From the records below, copy every line that contains the word "ダイヤモンドプロバイダー".

★ ★ ★ ★ ★

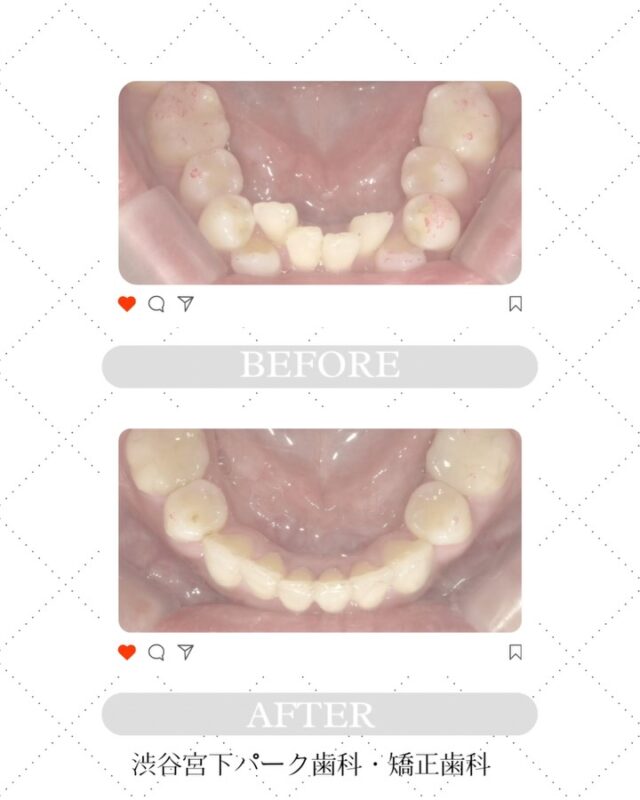 渋谷宮下パーク歯科・矯正歯科です🦷🪥✨

【叢生の症例✨】
Before→Afterでここまで変わります🦷💫

デコボコしていた前歯が、
たった1年8ヶ月で自然で美しいアーチに🤍

○使用器具：インビザライン
○年代：40代女性
○治療期間：1年8ヶ月

患者様一人ひとりに合った治療で、
自信の持てるお口元づくりをお手伝いします👨🏻‍⚕️

渋谷区でインビザライン矯正をご検討の方は
ぜひ当院へご相談ください✨

当院では【無料矯正相談】を実施中です。
ご予約お待ちしております🌟

📍渋谷駅から徒歩1分・宮下パークすぐ
💎インビザライン ダイヤモンドプロバイダー
💬無料カウンセリング受付中！

──────────────
🏥 渋谷宮下パーク歯科・矯正歯科
📍東京都渋谷区渋谷1-24-7 宮下パークビル2階201
⏰ 診療時間：平日11:00〜20:00、土日10:00～17:00
📅 休診日：木曜、祝日、第2・4日曜、日曜診療の翌日月曜

#渋谷矯正歯科 #渋谷歯科 #宮下パーク #渋谷駅近 #矯正歯科 #歯列矯正 #歯並び改善 #インビザライン #ダイヤモンドプロバイダー #目立たない矯正 #マウスピース矯正 #矯正相談無料 #無料カウンセリング #渋谷インビザライン #透明矯正 #矯正治療 #歯並び矯正 #笑顔に自信 #歯科矯正 #歯列矯正はじめました
#叢生 #叢生症例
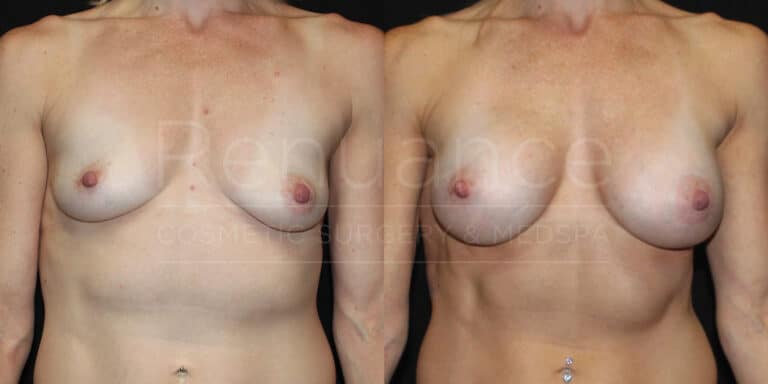 Breast Augmentation Before and After photos performed by Dr. Rachel S. Ford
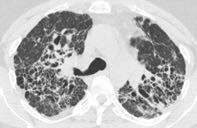 Sarcoidosis 40-year-old man with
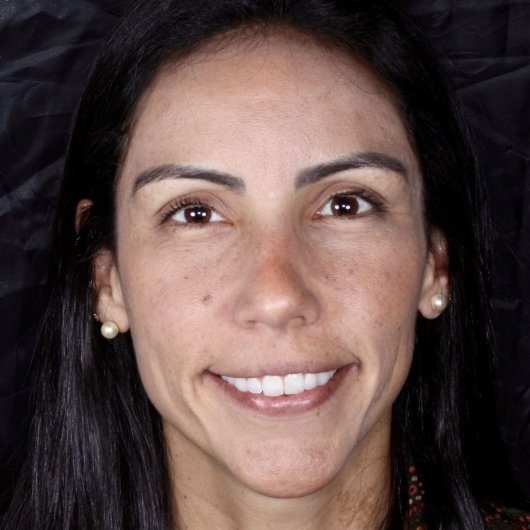 Camila Boasquevisque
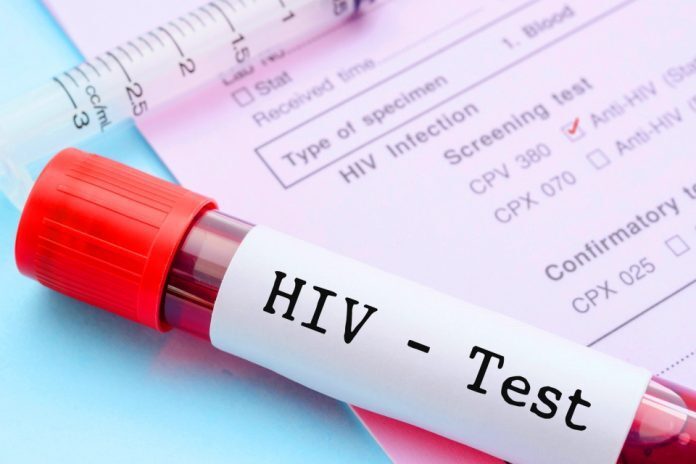 HIV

★ ★ ★ ★ ★

» Final answer
💎インビザライン ダイヤモンドプロバイダー
#渋谷矯正歯科 #渋谷歯科 #宮下パーク #渋谷駅近 #矯正歯科 #歯列矯正 #歯並び改善 #インビザライン #ダイヤモンドプロバイダー #目立たない矯正 #マウスピース矯正 #矯正相談無料 #無料カウンセリング #渋谷インビザライン #透明矯正 #矯正治療 #歯並び矯正 #笑顔に自信 #歯科矯正 #歯列矯正はじめました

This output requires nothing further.